Man convicted of sexually assaulting daughter to face retrial

Conviction for assaulting nine-year-old daughter as she slept quashed last week

A 40-year-old father whose conviction for sexually assaulting his nine-year-old daughter as she slept in his bed was quashed on appeal is to face a retrial.

The man had pleaded not guilty to assaulting the girl between January 1st, 2017, and April 30th, 2017 at their home.

He was convicted by a jury following a trial at Dublin Circuit Criminal Court and sentenced to three years and four months' imprisonment.

His conviction was quashed last week after his lawyers successfully submitted to the Court of Appeal that the intention to assault had not been established at the trial and the jury should have been directed to deliver a ‘not guilty’ verdict after the prosecution had closed its case.

His lawyers had also criticised the trial judge for telling the jury that they could convict solely on the evidence of the complainant and did not require corroboration.

After Court President Mr Justice George Birmingham delivered the judgment, Kate Egan BL, for the Director of Public Prosecutions (DPP), said the State was requesting time "to consider its position".

On Thursday Ms Egan informed Mr Justice Birmingham, who was sitting with Ms Justice Patrick McCarthy and Ms Justice Isobel Kennedy, that the DPP was seeking a retrial “on this matter”.

In response, Giollaíosa Ó Lidheadha SC, defending, said he was asking the court to “exercise its discretion” and refuse the request from the State.

Mr Ó Lidheadha said his client, who was remanded on bail last week on condition he does not contact the complainant, had been convicted of a single count “which had involved touching” and had already served 11 months in custody.

Granting the request for a retrial, Mr Justice Birmingham said the complainant had the right to have the allegations “adjudicated by a jury”.

No memory

Last July, the sentencing court was told that when the man was arrested and questioned about his daughter’s allegation, he said he didn’t remember anything happening.

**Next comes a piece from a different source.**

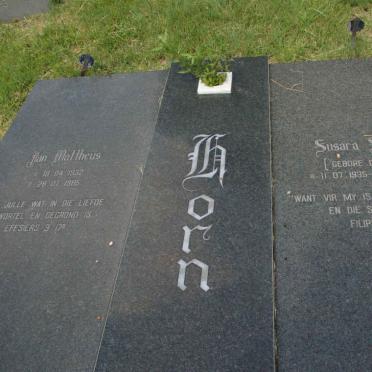 HORN Jan Matheus 1932-1985 &amp; Susara Susanna DE LANGE 1935-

Judge Elma Sheahan had noted the man “absolutely denied what she said he had done” and had insisted the girl had said the following day that he had only put his hands down the front and back of her pyjamas.

Although he was “deeply regretful for having had his daughter in his bed”, the sentencing judge said the man “doesn’t accept the verdict of the jury”.

Quashing the conviction, Mr Justice Birmingham noted that the trial judge had made clear to the jury that “if they were not satisfied beyond reasonable doubt that the accused was awake and was not asleep, he was entitled to an acquittal”.

Whether the accused was asleep or awake at the time was of “such a central significance in the context of the trial” that the “jury required additional assistance with the evidence on this topic”, the judge continued.

“The fact that this did not happen does leave us in some doubt whether the verdict can be said to be safe,” he added.

“In those circumstances, we feel obliged to quash the conviction.”

Regarding the issue of corroboration, Mr Justice Birmingham said the court was dismissing this ground of appeal.

He noted that although the trial judge “did not give a corroboration warning as such… she did explain what corroboration was, and, in effect, told the jury there was no corroboration”.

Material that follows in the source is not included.